The DNS service has always allowed up to 8 threads to be used. That is unchanged. If the pool grows up to 6 or more threads, those threads are used exclusively for high priority items (i.e. non prefetches) - ensuring that high priority requests will never be blocked behind just speculative lookups.

Previously, if the DNS service expanded beyond one thread it very aggressively pruned itself back down at the first opportunity. With the increased load of prefetching that pattern results in excessive creation and destruction of threads. Not only is there OS overhead in doing so, but when using the thread for DNS resolution for the first time libc must initialize the resolver (res_init), which involves opening and parsing files such as /etc/resolv.conf and /etc/hosts which is certainly something that we don't want to do over and over. The patch softens this behavior some by applying the same soft-timeout logic to all of the initialized threads (which are still created in a dynamically growing pool) instead of just the first one.

Resolving hostnames in img urls just before loading them (literally the line before LoadImage()) sounds like a waste. However it turns out to have a significant benefit as the actual load may take a while to be executed due to limits on the number of parallel HTTP connections. 

Running the DNS lookup in parallel with the other loads blocking the image load makes a lot of sense - it is a low bandwidth but potentially high latency operation that nicely overlaps. When the image's turn does come up in the HTTP queue it benefits from a warm DNS cache when starting the transfer.

This has the neat effect of using DNS prefetching to improve page load times on the first page view, not just the subsequent pages in a link-chain.

As I mentioned in comment 7, I ran a set of tests using planet.mozilla.org. (I also did these tests with cnn.com - the results where similar but less dramatic as cnn is a smaller page). I did the test both in a broadband environment, and over a simulated wireless edge network. (54/160 kbit, 770ms latency)

23 unique DNS lookups are needed to render the planet page (as of the time I did the tests anyhow). With the prefetch patches applied 16 of the 23 lookups were improved on the edge tests and 22 of the 23 on the broadband tests. By improved I mean when the HTTP transaction requested the lookup the name was either already in the cache or the request for it had already gone out on the network. Requests that were just sitting in the queue don't count as improved.

This does translate into improved page load time for a page with lots of images in a high latency environment. Loading the initial planet page on the mobile network improved over 4% with just this change, even while absorbing the overhead of looking up dozens of extra other hostnames in order to warm the cache for the next click! This is a nice unexpected bonus and the overhead is really not that onerous.

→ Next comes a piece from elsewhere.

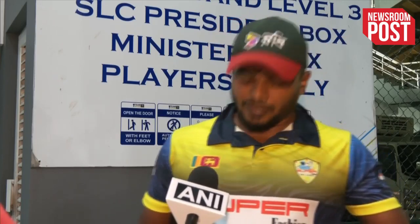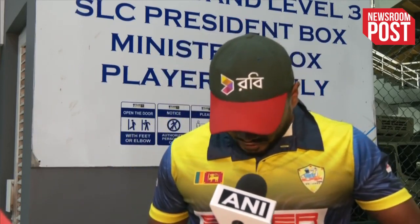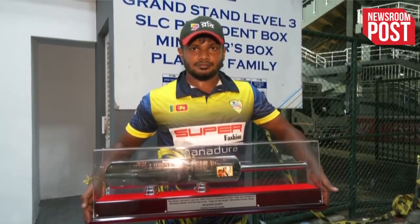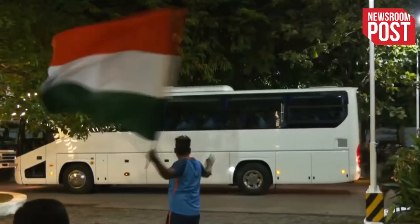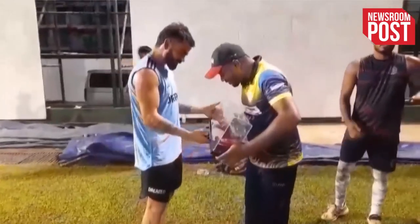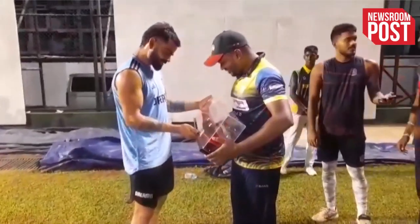And how long did it take to make this bat? For three months I have been waiting to give this to Virat Kohli. I will try to give it to him here. You can see all the details on this bat.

On broadband the savings are less impressive because the lookups cost so much less - I saved about 15ms on the page load (.1%). The savings should actually be a bit better than that on broadband because the cache of my recursive resolver was full for this test and I did not emulate a lag to reach it on the broadband test as I did for the edge test. Treating it as a LAN (<1ms of latency) instead of as broadband (maybe 70ms of latency) under estimates the benefit of the patch in that scenario. Whether or not the recursive resolver is warm in reality depends on whom it is being shared with and how popular the site is - it will vary widely.

The CNN tests showed improvement too - but less so. It had 35 names, 16 of them unique. Prefetching improved 7 of the 16 on broadband and 5 of the 16 on edge. The CNN tests don't muck up the HTTP queues quite as much, so the opportunity for getting ahead of the image load isn't as strong. The page load times improved marginally as well.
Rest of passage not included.